Caroline Camhy didn’t have a plan the night she decided to grab a lawn chair and sit along the Caltrain tracks near her home. It was Oct. 20, 2009, and all she knew was that teenagers were killing themselves, and she had to do something.
"At that point I had a son coming into third grade and a son coming into fifth grade, and I started to think of what was going to happen," says Camhy, at her home office in Palo Alto. "What was I doing? Why was I here? What was I doing here? And how could I continue to live here when, just down the street, students of our local high school and middle school were taking their lives?"
It didn’t take long for other moms and dads to join Camhy. They'd sit in the dead of night, watching the trains barrel down the tracks. "It's very loud. And it's very bright and it comes very fast and it takes a long time being out there to get used to the speed at which it comes," says Camhy.
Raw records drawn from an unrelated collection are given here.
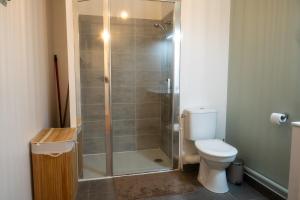 Appartements Chez Edgard et Ernest, balcon et parking : photos des chambres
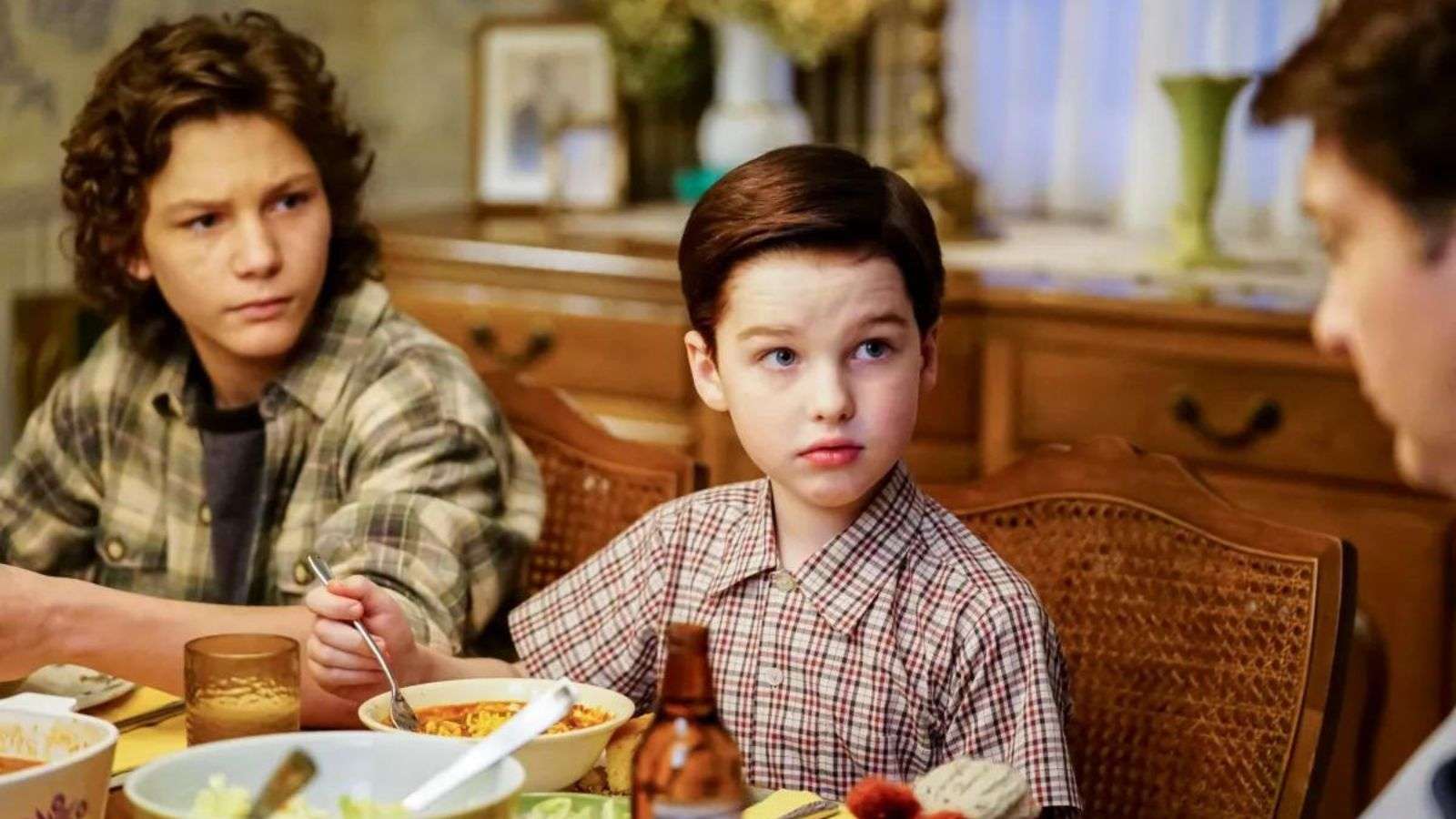 Sheldon and Georgie talk to George in Young Sheldon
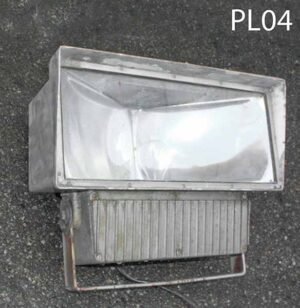 PL04-Qty-2.  Silver 24″ x 17″ bracket mount light with mogul base bulb and cord. Light bulbs available on G16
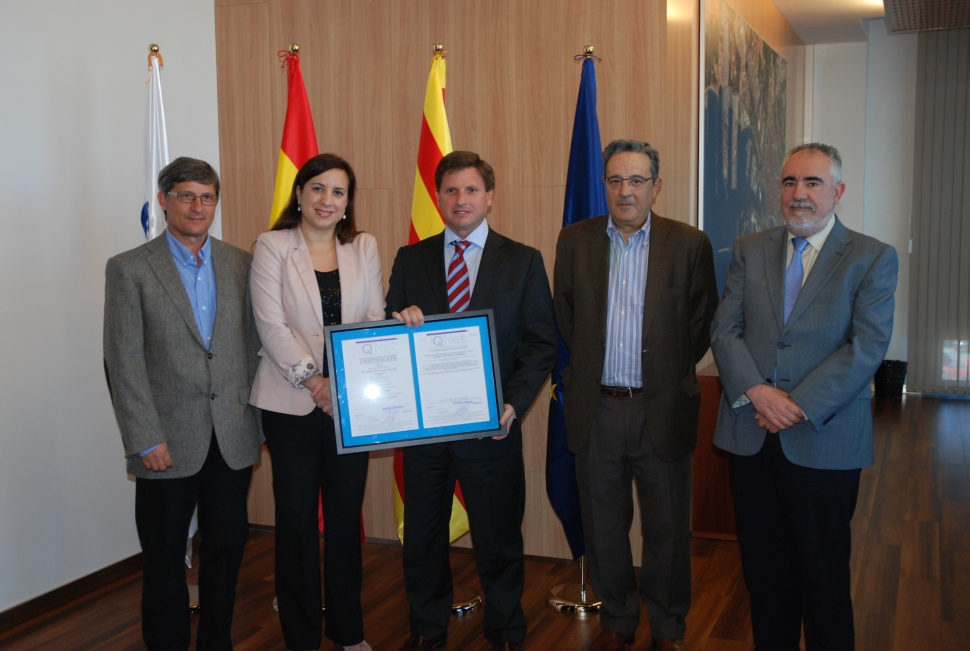 La Autoridad Portuaria de Tarragona recibe la Certificación de Calidad ISO 9001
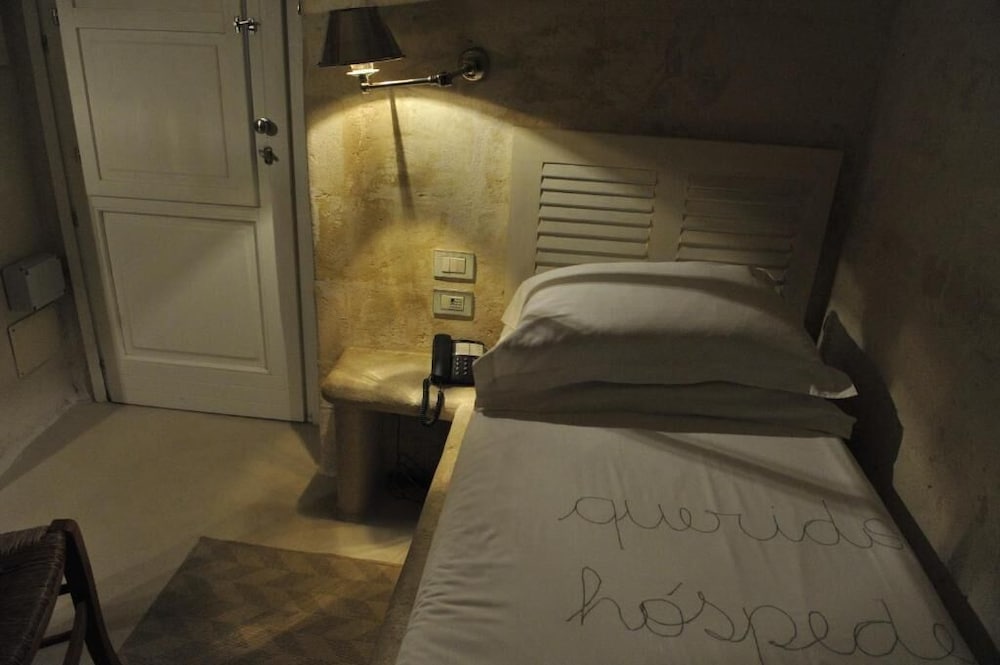 Фото L Hotel In Pietra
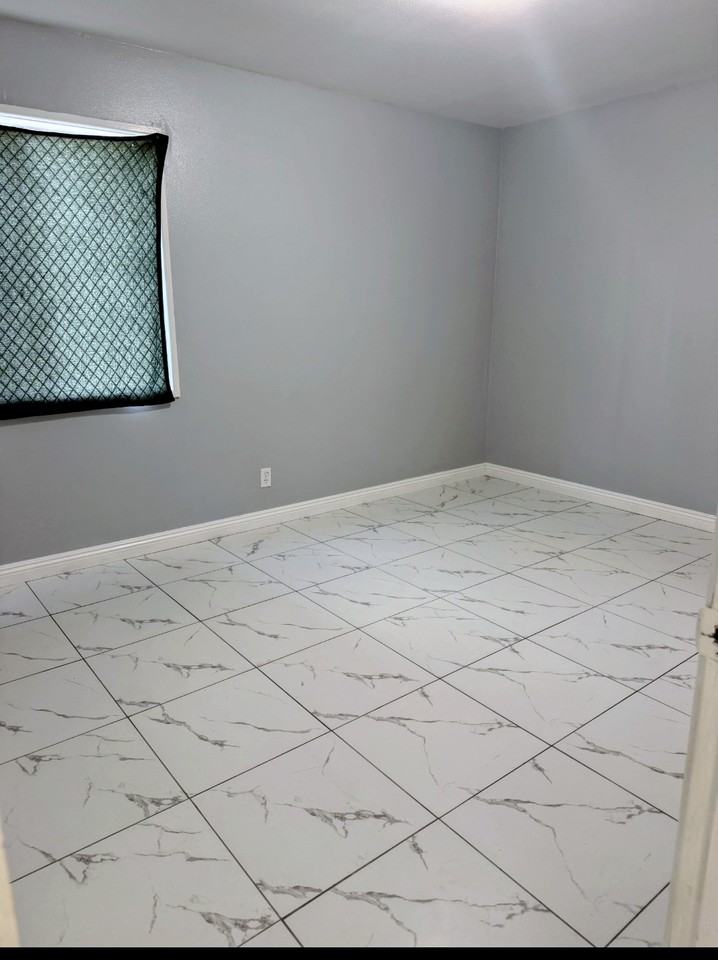 614 North Moraga Street #1 - Photo 4 of 7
It was hard to see beyond a few feet. The light was almost blinding.
But maybe, Camhy thought, their presence would be a deterrent. Maybe what’s really needed, she thought, is for someone to sit in a chair outside, when it's cold, and "just be there."
At the height of the TrackWatch program, 150 volunteers in rotating shifts kept watch over the tracks. Camhy did it for three years, even after the city added paid security guards. And the number of suicides at Palo Alto’s four train stops went down.
By 2012, volunteers began to peter out, and as Camhy’s children got older, they needed her around more. It also occurred to Camhy that simply having someone sitting along the tracks was an unsustainable solution to a much deeper problem.